The poetic If I Go Will They Miss Me continues the United States -indie tradition in the spirit of Oscar-winner Moonlight. Planes fly over South Los Angeles skies, under which a 12-year-old boy blends myth and real life. Likewise stretching the confines of the real world is Light Pillar, a Chinese animation that toys with fantasy through its form alone: scenes set in the daily life of a film studio are animated, but ones in virtual reality are live-action.

In the visually audacious black-and-white documentary KitKatClub – Kinks of Berlin, fantasies become reality. The camera breaks barriers between the private and the public by offering viewers an insight into a Berlin sex-club and the lives of its patrons. Latex shines, leather squeaks and whipped cream sprays, but conversations touch upon safety and consent.
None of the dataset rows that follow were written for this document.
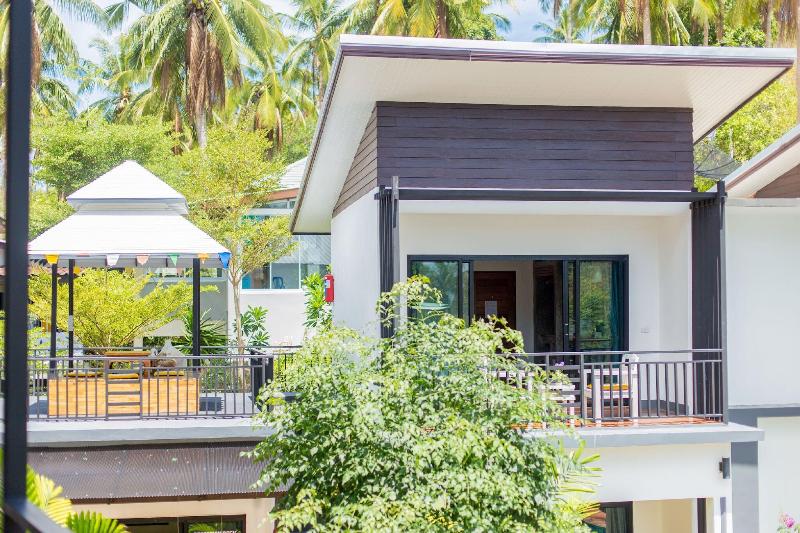 هتل The Ozo Kohtao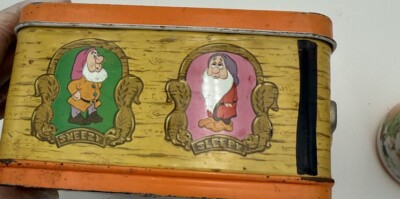 Snow White Metal Lunch Box with Thermos Aladdin Industries 1975 7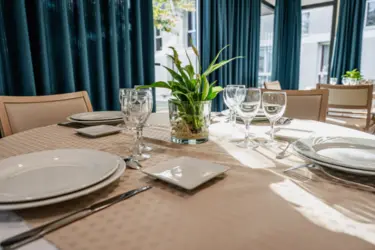 emeis maison de retraite bon air table salle a manger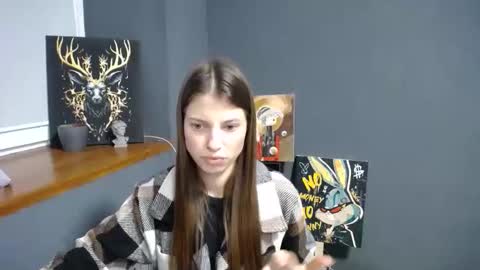 Snapshot of tiny_felicity chatting on December 16, 2025, 7:02 am Gloria online show from December 16, 2025, 7:02 am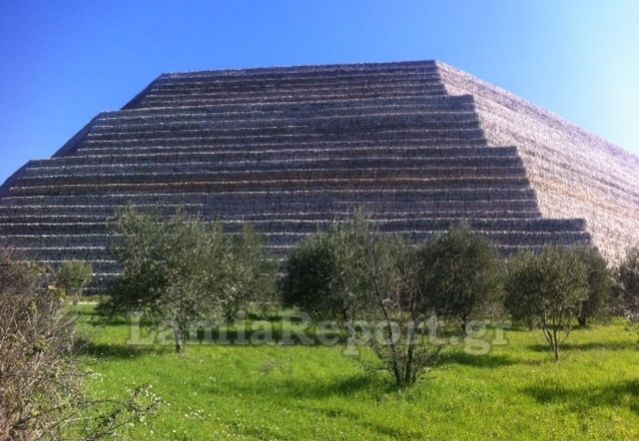 Σε ποιο σημείο της Φθιώτιδας βρίσκεται αυτή η πυραμίδα;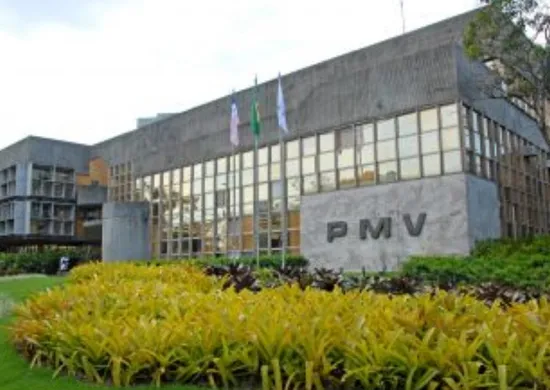 Imagem ilustrativa da imagem Prefeitura de Vitória publica novo edital de concurso público com 32 vagas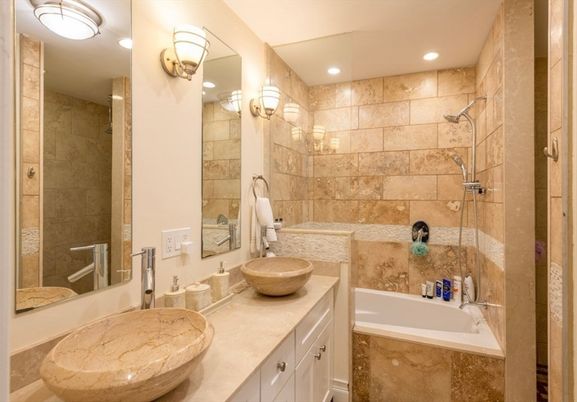 Bathroom, Dual Sink Vanities, Interior, Recessed Lighting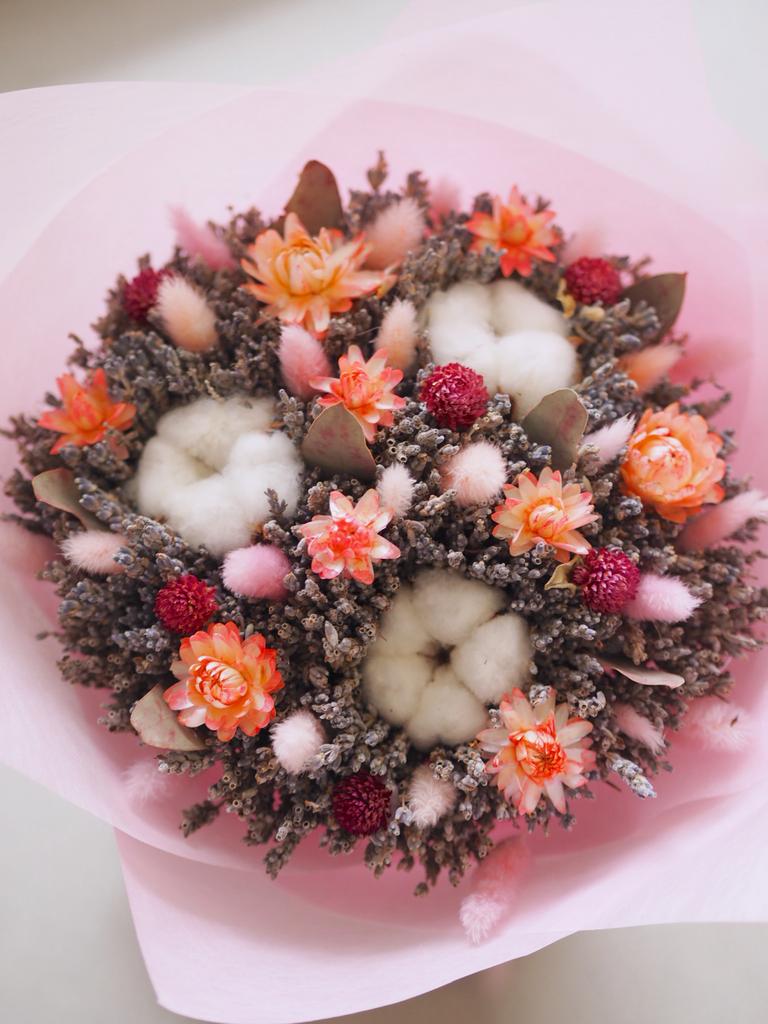 Лавандовый букет с оранжевыми акцентами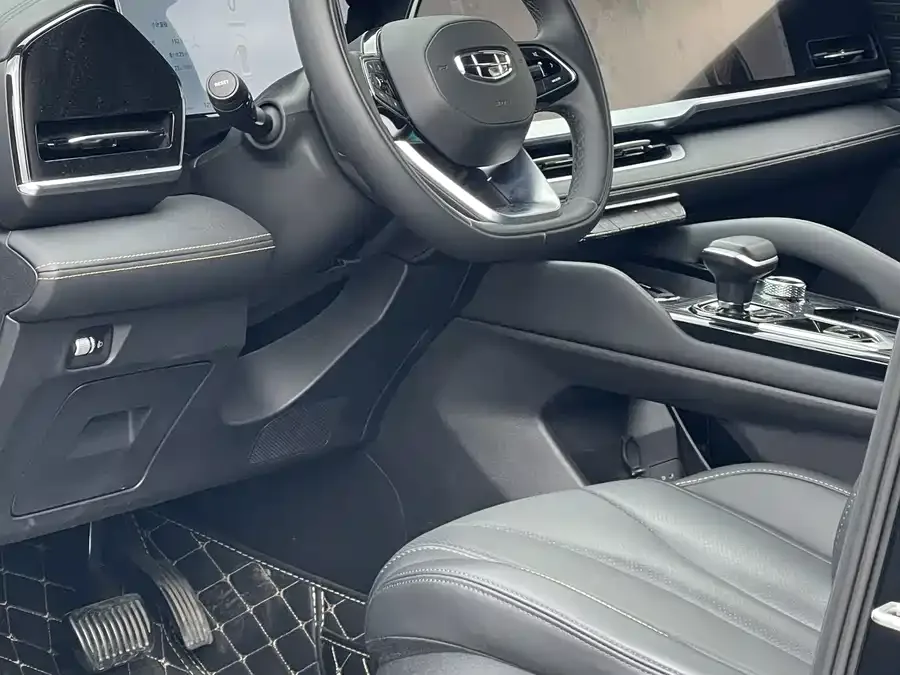 Geely Monjaro Xingyue L 2024 2.0TD DCT EVO 2WD Changfeng Edition 2025 — миниатюра 4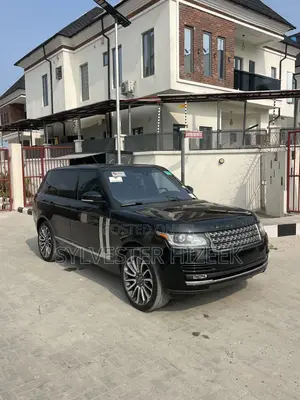 Land Rover Range Rover Vogue 2016 Black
Last year’s Palestine-theme continues with Palestine 36, a film that depicts the rebellion that rose against the British forces that occupied the area in 1936–1939. Authorities shut down a screening of the film – Palestine’s submission for the Oscars – in Jerusalem this January, and prohibited showing it in the city altogether. Historical events also inspired the winner of the Berlinale Grand Jury Prize, Salvation. Set in the mountains of Turkey, the drama evolves from depicting a local border dispute and insecure masculinity into a grander examination on the causes of violence.

This year, the visual identity of the festival is designed by Julianna Hyrri, an award-winning comic artist, illustrator and author. The child characters on the festival poster are in motion, with holes in their socks, plasters on their knees and a sharp pendant of friendship hanging from the ribbon that connects them. Their momentum forces colours to bleed outside of the lines and, in places, almost entirely blends away pencil strokes. According to Hyrri, the colour palette of the poster suggests “fierce emotion, vitality and creativity, all things that Love & Anarchy represents to me. As a comic artist, cinema and comics feel like very closely related forms of art to me.”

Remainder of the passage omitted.